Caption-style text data

::::::

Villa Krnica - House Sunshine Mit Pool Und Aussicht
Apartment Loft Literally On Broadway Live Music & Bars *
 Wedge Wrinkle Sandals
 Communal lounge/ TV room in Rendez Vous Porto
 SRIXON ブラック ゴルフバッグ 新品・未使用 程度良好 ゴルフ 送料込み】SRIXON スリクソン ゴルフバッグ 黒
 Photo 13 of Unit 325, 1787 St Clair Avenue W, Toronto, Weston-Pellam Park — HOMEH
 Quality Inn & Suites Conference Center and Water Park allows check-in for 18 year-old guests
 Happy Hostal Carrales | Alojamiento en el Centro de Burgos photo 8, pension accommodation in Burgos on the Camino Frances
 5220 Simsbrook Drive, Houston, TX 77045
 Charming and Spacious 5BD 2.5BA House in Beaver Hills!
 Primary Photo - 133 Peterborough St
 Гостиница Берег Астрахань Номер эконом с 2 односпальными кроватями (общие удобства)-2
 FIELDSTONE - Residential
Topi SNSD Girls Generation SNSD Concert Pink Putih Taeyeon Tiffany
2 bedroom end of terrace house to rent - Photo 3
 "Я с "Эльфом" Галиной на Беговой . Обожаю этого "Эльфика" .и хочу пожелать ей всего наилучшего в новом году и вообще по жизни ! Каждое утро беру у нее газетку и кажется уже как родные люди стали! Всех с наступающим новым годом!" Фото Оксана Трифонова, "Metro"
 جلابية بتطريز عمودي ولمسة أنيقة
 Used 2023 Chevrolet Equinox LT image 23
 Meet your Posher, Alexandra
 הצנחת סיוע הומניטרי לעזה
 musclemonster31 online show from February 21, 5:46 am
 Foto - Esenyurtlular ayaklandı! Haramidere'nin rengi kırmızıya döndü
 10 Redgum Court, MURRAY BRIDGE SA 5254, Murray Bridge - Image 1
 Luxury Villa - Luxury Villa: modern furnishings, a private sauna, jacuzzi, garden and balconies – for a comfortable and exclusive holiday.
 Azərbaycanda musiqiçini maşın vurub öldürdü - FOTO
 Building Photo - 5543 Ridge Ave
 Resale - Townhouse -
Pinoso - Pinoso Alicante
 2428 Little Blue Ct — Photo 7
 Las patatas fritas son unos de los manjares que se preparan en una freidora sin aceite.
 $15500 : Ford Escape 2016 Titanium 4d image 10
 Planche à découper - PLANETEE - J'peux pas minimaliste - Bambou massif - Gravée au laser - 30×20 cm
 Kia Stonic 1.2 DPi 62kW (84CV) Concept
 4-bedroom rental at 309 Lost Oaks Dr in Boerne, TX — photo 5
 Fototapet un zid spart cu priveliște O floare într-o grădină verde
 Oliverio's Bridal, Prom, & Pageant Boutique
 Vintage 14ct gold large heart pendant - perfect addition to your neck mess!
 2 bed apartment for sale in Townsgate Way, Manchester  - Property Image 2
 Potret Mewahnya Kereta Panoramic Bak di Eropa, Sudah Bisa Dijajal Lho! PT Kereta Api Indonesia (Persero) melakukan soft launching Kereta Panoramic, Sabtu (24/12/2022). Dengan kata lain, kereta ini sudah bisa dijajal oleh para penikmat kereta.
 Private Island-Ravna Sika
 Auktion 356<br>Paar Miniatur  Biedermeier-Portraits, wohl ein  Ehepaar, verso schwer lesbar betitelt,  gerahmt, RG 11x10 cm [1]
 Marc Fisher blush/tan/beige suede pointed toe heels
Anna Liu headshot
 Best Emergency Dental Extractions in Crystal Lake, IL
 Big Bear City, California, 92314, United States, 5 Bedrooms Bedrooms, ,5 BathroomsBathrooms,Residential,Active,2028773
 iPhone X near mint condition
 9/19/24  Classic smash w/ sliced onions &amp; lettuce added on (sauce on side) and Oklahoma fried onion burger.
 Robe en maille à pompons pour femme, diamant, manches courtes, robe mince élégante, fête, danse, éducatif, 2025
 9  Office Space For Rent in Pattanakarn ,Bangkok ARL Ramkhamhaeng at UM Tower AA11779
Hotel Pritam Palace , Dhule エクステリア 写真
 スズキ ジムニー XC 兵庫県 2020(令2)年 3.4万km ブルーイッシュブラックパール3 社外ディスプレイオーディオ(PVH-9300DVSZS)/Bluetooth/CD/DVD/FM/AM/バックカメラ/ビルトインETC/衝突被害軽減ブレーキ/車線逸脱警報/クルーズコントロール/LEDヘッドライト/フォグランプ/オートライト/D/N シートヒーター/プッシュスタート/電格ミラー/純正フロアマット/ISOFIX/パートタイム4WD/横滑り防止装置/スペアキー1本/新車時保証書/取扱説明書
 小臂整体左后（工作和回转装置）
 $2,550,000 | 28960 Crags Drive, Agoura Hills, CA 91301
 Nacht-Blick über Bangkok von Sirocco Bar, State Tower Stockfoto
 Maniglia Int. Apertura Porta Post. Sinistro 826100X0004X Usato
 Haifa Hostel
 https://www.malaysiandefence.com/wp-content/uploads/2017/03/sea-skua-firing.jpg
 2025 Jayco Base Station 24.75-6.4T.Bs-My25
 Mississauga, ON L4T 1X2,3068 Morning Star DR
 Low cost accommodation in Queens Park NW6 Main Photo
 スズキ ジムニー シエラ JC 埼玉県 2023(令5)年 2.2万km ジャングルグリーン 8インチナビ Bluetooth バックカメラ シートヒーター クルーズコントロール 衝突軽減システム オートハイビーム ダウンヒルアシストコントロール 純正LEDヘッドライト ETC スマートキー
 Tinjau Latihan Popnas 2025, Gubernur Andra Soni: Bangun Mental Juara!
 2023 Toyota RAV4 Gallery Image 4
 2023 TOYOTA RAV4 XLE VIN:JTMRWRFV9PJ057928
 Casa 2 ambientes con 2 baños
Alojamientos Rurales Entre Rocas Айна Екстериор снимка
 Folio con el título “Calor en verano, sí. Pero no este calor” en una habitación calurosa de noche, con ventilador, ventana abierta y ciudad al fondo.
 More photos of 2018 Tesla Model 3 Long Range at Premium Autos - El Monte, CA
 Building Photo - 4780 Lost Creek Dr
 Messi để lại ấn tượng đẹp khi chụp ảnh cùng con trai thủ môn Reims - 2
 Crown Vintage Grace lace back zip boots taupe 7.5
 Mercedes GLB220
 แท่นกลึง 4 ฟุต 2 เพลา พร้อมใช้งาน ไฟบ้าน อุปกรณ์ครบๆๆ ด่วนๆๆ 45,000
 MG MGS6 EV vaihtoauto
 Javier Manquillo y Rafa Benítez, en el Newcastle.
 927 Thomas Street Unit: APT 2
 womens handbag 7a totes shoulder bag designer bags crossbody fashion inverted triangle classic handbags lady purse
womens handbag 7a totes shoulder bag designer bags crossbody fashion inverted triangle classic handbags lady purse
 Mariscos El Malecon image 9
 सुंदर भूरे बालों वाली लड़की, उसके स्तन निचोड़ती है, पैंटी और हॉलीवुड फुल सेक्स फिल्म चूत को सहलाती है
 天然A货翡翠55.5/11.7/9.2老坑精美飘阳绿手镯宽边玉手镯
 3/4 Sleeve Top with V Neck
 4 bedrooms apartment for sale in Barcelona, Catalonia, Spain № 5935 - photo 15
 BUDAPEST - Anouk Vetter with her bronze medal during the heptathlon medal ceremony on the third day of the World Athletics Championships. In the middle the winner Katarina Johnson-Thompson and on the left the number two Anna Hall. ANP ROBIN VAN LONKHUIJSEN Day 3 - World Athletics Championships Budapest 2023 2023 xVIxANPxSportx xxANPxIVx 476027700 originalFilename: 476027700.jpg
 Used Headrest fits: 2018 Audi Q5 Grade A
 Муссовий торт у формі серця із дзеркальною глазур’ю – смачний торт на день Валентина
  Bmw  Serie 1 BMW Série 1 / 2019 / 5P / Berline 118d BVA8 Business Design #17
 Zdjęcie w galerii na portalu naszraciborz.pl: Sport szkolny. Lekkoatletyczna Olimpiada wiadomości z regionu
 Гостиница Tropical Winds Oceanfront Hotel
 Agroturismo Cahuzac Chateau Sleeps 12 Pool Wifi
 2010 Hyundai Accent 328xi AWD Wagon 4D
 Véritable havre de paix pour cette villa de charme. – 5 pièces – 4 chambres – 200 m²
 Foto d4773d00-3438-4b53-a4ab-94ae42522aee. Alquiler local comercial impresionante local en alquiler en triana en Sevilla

::::::

#### Exercise:
Return every line above that contains the word "with".

#### Task output:
 3/4 Sleeve Top with V Neck
 BUDAPEST - Anouk Vetter with her bronze medal during the heptathlon medal ceremony on the third day of the World Athletics Championships. In the middle the winner Katarina Johnson-Thompson and on the left the number two Anna Hall. ANP ROBIN VAN LONKHUIJSEN Day 3 - World Athletics Championships Budapest 2023 2023 xVIxANPxSportx xxANPxIVx 476027700 originalFilename: 476027700.jpg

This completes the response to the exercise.